Bill Ramage, with Premier Drug Testing, explained to the Kentucky Drug-free Workplace program to the court.
Ramage explained that the local company would be donating the required drug policy as well as the first year of training for staff and supervisors and giving a discount on the testing procedures, all to help the county institute the program and thereby receive a discount on workers compensation insurance.
Magistrate Gary Robertson seconded the motion by Greg Popplewell that the program should begin, and proceed once the anticipated discount is assured.
Magistrate Jimmy McQueary was the only vote in opposition to the program.
After the meeting Robertson said he had been involved in a similar program while working for the state, and he'd seen its effectiveness as a deterrent to drug use.
The new policy would randomly test 10 percent of county employees for a wide range of illegal and legal drugs.
Ramage explained that the program was expanded to include prescription drugs years ago because of Kentucky's status as the number-one state for prescription drug abuse.
The Monday night meeting began with the announcement of an additional grant for the county's recycling program.
H.M. Bottom told the court that the county would have to match 25 percent of the 102,000 grant, and some of that would have to be in the form of cash outlay, since not all would be through in-kind contribution as with the other grants.
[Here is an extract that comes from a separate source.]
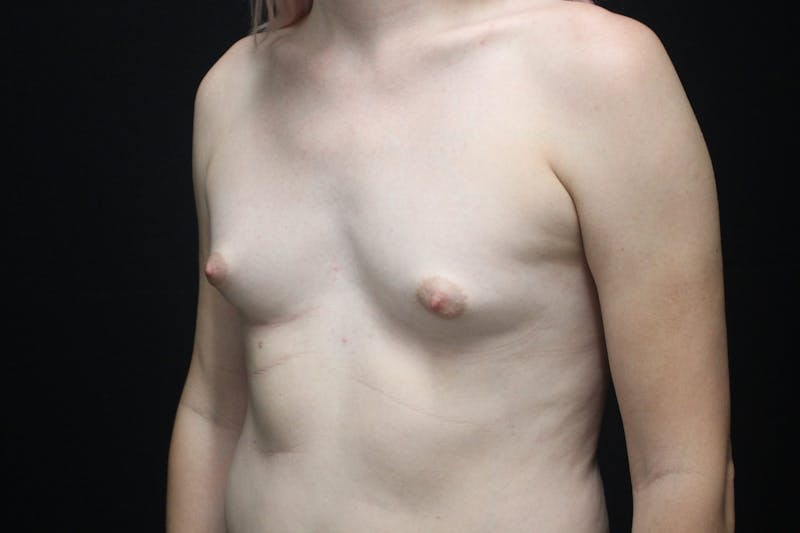 MTF Breast Augmentation Before & After Gallery - Patient 144617 - Image 3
Previously the county had been awarded grant money for new recyclables collection trailers. This grant for a cardboard-bailer had been denied at that time.
Bottom said once state officials came to the center and saw the volume of recycling that was passing through the center they reconsidered the grant request.
"I believe they thought we were exaggerating the numbers," Bottom said of the state officials.
The court approved selection of bids and purchase of the new equipment, as well as the budget amendment for the expenditure.
The court also approved transfer of $100,000 to the jail fund, for operations, and approved changing the court's regular meeting to noon.
County Judge-Executive Mickey Garner said the change to mid-day meetings was necessary to accommodate the evening meetings for construction of the jail and judicial center.
Voting in opposition was Popplewell, who works at Wolf Creek Dam during the day and would not be able to attend the noon meetings.
In other actions-
Mary Marshal replaced Jenny Jones Marshal on the library board
Glen McCormick was reappointed to the county tax board.
Bobby Conner was moved from part-time to full-time as a county road employee
Of the $160,404 in secondary road funds passed through to the county $66,000 was ear-marked for Dickerson Ridge Road and the rest is to be divided among the precincts based on road miles.